1874: Idaho Jargon doggerel
“Cowboy poets” had a vogue around the year 2000, as I recall…
But here’s the real deal, frontier-era verse with references to the great nature poets, card-playing, and Chinook Jargon!
[Written for the IDAHO WORLD.]
I’m not a poet, but at best
I think right here I will protest
Against this everlasting pest,
That daily grows—
I mean those poets who molest
By rhyming prose.
My friend from Centerville has took
The language of the sage Chinook—
Been reading some old Siwash book
On Nom Deplumes; [sic]
Or seen the flashing Tilamook
And aped its tunes.
I like the Hiyu Cum Tux style
Of dealing us a friendly smile,
‘Twill come in play after awhile,
If “Nater [sic] capers.
But he can never make his pile
Contributing to papers.
I like Joaquin’s vehement glow;
Walt.
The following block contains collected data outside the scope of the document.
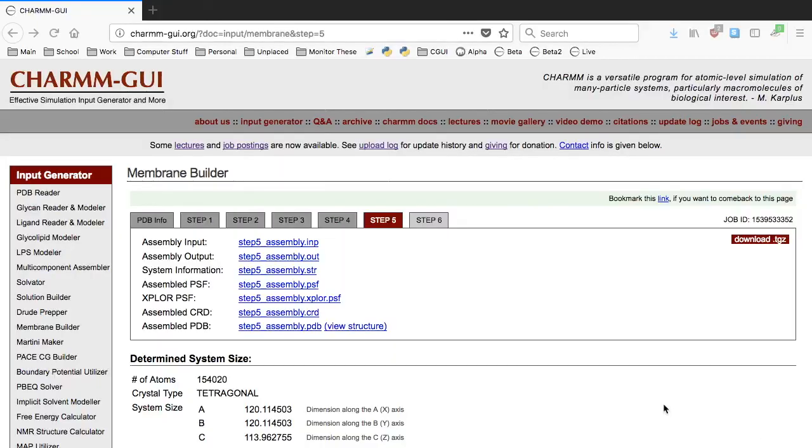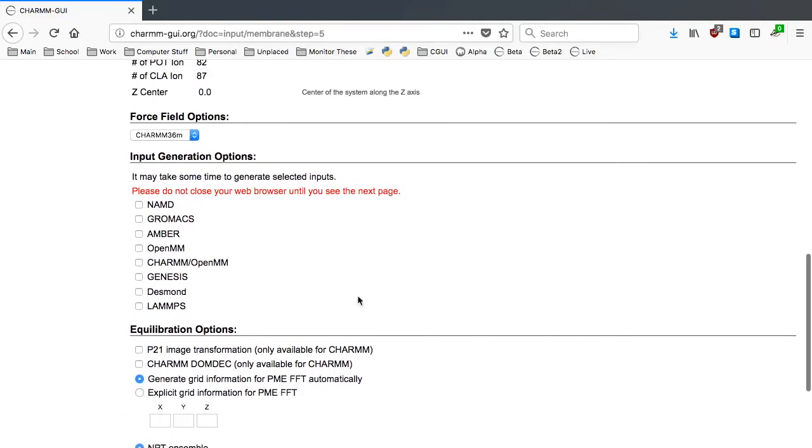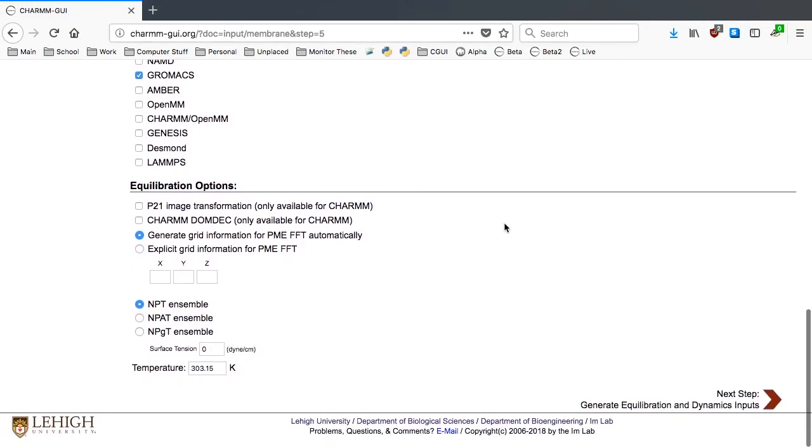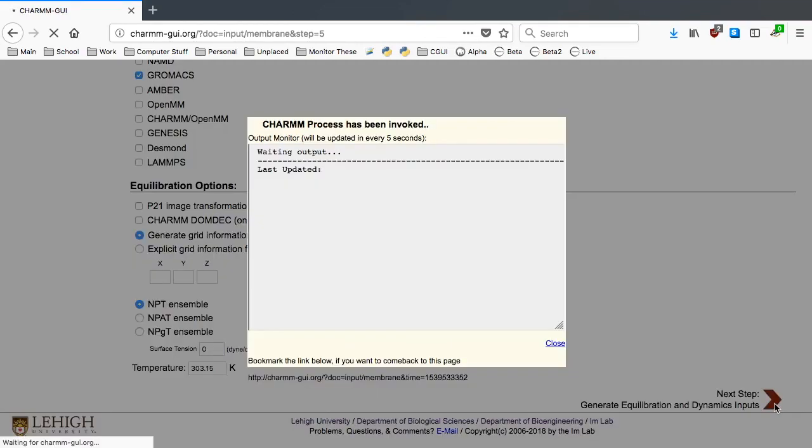If you're interested in running your simulation using GROMACS, you can select it. Otherwise, we don't need to change any other options, so we can click Next Step to finalize the system building and input generation.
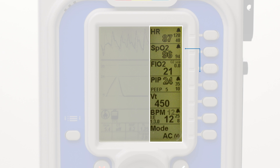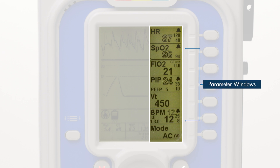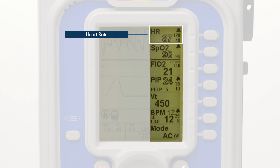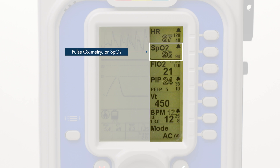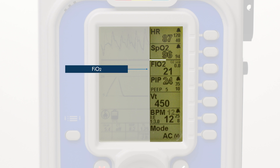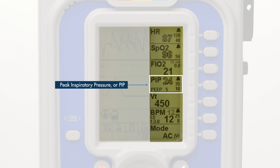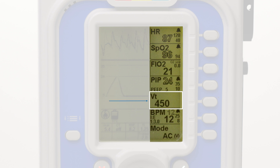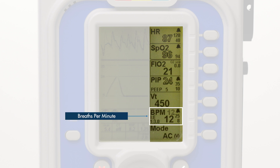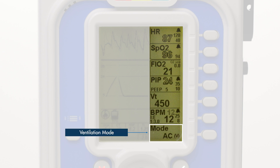Along the right side of the screen are the parameter windows. There are seven parameter windows in total: heart rate, pulse oximetry or SPO2, FIO2, peak inspiratory pressure or PIP, tidal volume, breaths per minute or BPM, and ventilation mode.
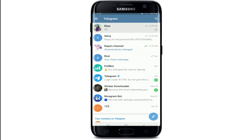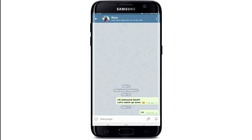For example, if you send a text message to them, you'll be able to see the tick mark as soon as you send the message, but you won't be able to see the two tick marks which indicate that the message has been read. In that case, your friend might have blocked you on Telegram.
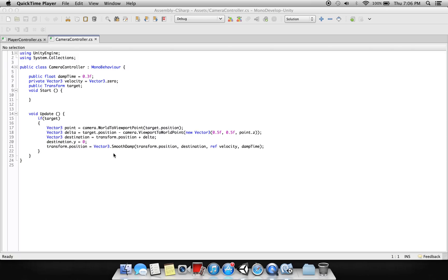Now basically what this script is doing is just following the player. So we have this tempter here where we are setting a camera to report, and we are targeting the target position which is...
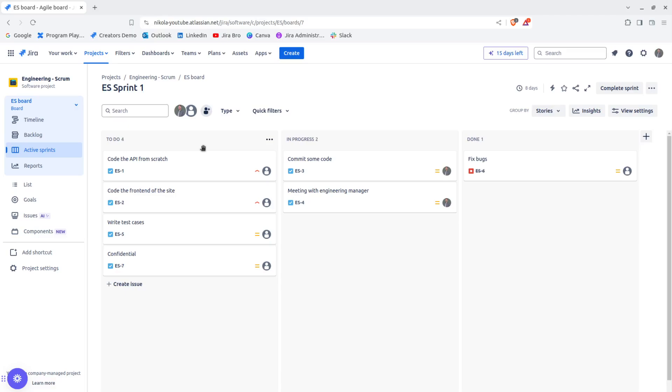In your JQL, you can also use the label to display different issues across the different projects. And this is also true.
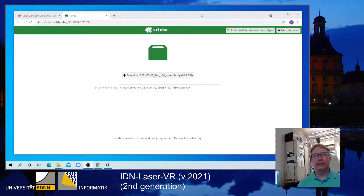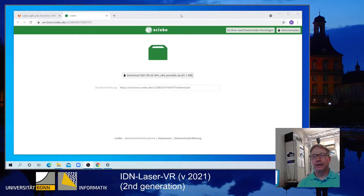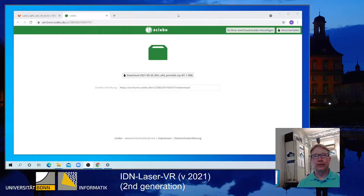This video will have basically three parts. First, I will demonstrate how to install the software on a Windows computer and cover the basic features. There was already a version available two years ago, and the recent version has several additional nice features. It will be released in a portable version, and we will also release the sources of the Laser VR this year, to motivate interested people to look into the program sources and set up their own room design.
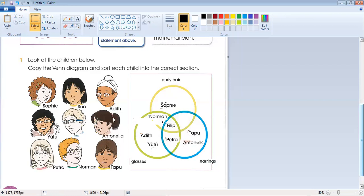Tapu and Antelina have earrings but no curly hair. Sophie has just curly hair and nothing else. Norman has two conditions: curly hair and glasses. Petra has two conditions: glasses and earrings. Philip has all three conditions — curly hair, glasses, and earrings — so Philip is in the middle of all three circles. I hope you understand the Venn diagram. See you next time!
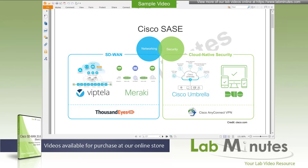Most SD-WAN technologies, including Cisco SD-WAN, offer the benefits of centralized management, configuration automation, intelligent traffic routing, and some level of network security. This is the reason why many enterprises choose to implement SD-WAN when their WAN network is due for an upgrade.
Whitman’s sharp, sarcastic flow,
And the pleasing “apropos”
Of other bards:
But when our poets rise to show,
I yield the cards.
Horseshoe Bend, Jan. 24, 1874.
— from the Idaho City (Idaho Territory) Idaho World of February 12, 1874, page 1, column 3
Siwash = Chinuk Wawa’s sawash ‘Native, Indigenous person’.
Hyu Cum Tux = CW’s hayu kəmtəks ‘much-knowing’.
“Nater is a reference I’m not catching yet. Joaquin is Cincinnatus Heine “Joaquin” Miller, the popular “Poet of the Sierras”.